Some researchers have suggested that apoE4 is more susceptible than apoE3 to proteolysis, and that proteolytic fragments from apoE4 may produce toxic effects [23], [24], [25]. Fig. 1B confirms that the apoE in our samples was largely undegraded, indicating that the different sizes are not because of the presence of degraded apoE. This was additionally confirmed by Western blots of crude homogenates (not shown). In all patients, approximately 50% to 75% of the apoE was at the MW corresponding to sialylated apoE (apparent MW 35.3 kDa) and 25% to 50% unsialylated (33.6 kDa). The particles contained cholesterol; the distribution of cholesterol paralleled the size distribution of apoE (Fig. 2A). Little or no cholesterol was associated with monomeric apoE.
Some evidence suggests that apoE may participate in clearance of Aβ. Thus, the possibility was considered that the higher MW in ε4/ε4 patients was because of the presence of Aβ. However, we did not detect any Aβ associated with authentic apoE particles in patients with AD (Fig. 2B), indicating that the larger particle size is not because of incorporation of Aβ.
3.3. ApoE3 more readily dissociates from aggregates
Fig. 1A also shows that a smaller proportion of apoE from patients genotyped as ε4/ε4 is found in monomeric form compared with control ε3/ε3, AD ε3/ε3, and AD ε3/ε4. Previous structural studies on recombinant apoE in solution have suggested that differences in dissociation of apoE aggregates reflect properties that may determine in vivo function.

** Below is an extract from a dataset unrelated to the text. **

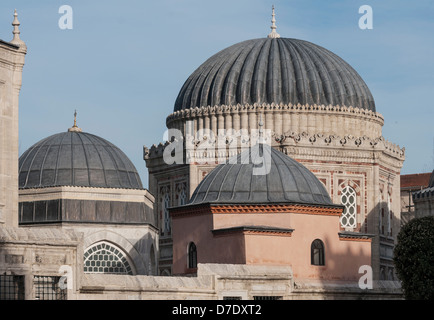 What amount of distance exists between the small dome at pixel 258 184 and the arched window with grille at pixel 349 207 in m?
14.6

For example, Garai et al. [26] found that dissociation of apoE to monomers is essential for membrane binding, suggesting that physical properties that underlie aggregation also play a role in particle stability. Native apoE forms predominantly tetramers that spontaneously disaggregate in solution. To determine whether differences in apoE protein structure could account for the larger particle size, recombinant apoE2, E3, or E4 was incubated at 35°C at 1.0 μg/mL (29 nM) in the presence of 1 μg/mL micellar cholesterol and protease inhibitors. Under these conditions, apoE3 consistently disaggregated into monomers, whereas apoE2 and apoE4 aggregates were stable for up to 4 hours, thereafter gradually precipitating onto the walls of the sample vial. By 48 hours, 70% of the apoE2 and 30% of the apoE4 disappeared from solution (Fig. 3).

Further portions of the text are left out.